I started with one of the many many centre flowers of the circular design.
Although we jumped around a lot in class from section to section this was only to make sure that we'd done enough to continue at home. The advice from Sensei was that all the same elements of a design should be stitched at the same time if at all possible to give better continuity of stitching. This did relate to the technical side of stitching but it was more to do with the feeling behind our work Over the years I have come to realise that I naturally stitch this way, I judge my work not by technical perfection but by how it 'feels' in my hands and heart. I had always thought of the work of Kusano sensei was produced to be technically perfect, I was much heartened to discover that this was not correct. Of course the work produced by the studio is technically excellent, but it's nice to know that heart and soul play a even greater part in the production of such beautiful work.
Measuring sections to get stitches straight and/or the same length also came under fire. Here again the 'feel' of the stitching is more important. Leaning to judge these things by eye was the order of the day. Of course, once you've been doing this for a while (years?) your 'eye' will improve and the and it will naturally become more accurate. Time to put away those rulers, mostly.

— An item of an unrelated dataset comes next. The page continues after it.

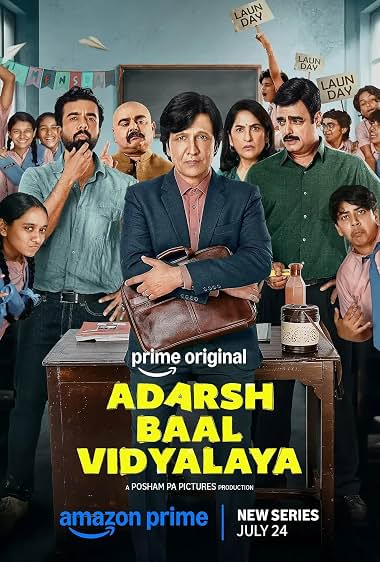 دانلود فیلم Adarsh Baal Vidyalaya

Line of staggered diagonals. Although the basic stitch is the same as that taught by JEC, there is a slight variation here. The right to left diagonal is the same, as is how you overlap the stitches, as is clockwise direction. The change comes in stitching direction, it is not always towards yourself. In the variation learned in class the stitching direction changes so your needle goes down into the fabric at the end of the stitch not next to the previous stitch, so sometimes this will be towards yourself but sometimes it won't. How does this help, it's much easier to judge and control the length of your stitches so is much easier to get a nice line. I shared this with some of our students in class last week who found it very easy to work this way. I also discovered why not all the lines needed to be stitch transferred, it's easier to correct or change a line if you don't have a stitch transfer to get in the way. Again, learning to judge these things by 'feel' and eye.
This motif represents a dragon's head surrounded by wisps of cloud.
The cm measure shows how small the dragon head is. His nose is towards the left, the wide section at the right is his mane.
Larger clouds are in the other sections of this part of the design. Well, I say larger, they are about 1.5sm long. A slight variation here in foundation. This was changed from when the sample of this design was stitched, which just goes to show that no matter how long you've been doing Japanese embroidery there are always new ways to improve.
Rather than embroider a solid foundation it is worked from the centre round the motif to the outside, going up to the stitch transfer, this leaves tiny gaps in the foundation where the stitches join.
The silver thread was then couched into the gaps in the foundation, doing it this way means the couching stitches don't create gaps in the foundation. Simple but very effective
Tackling the wisps of cloud was interesting. Using the same idea as for line of staggered diagonals, stitching direction changed depending on the direction of the curve. I still worked clockwise and right to left diagonal, but changed my stitch direction so the needle went into the fabric at the end of the stitch, not next to the previous stitch. These tiny little motifs were still fiddly but it was amazing how this small change made things easier.
One fail in class was French knots. Kusano sensei does knots as French knots rather than the way in the textbook. Doing them this ways means they don't have to stop and make a different twist. Could I make them work, no I couldn't. They were also tightened by using your right hand under the frame. Couldn't do it! I'm going to stick to the way I know, at least I can get nice knots that way.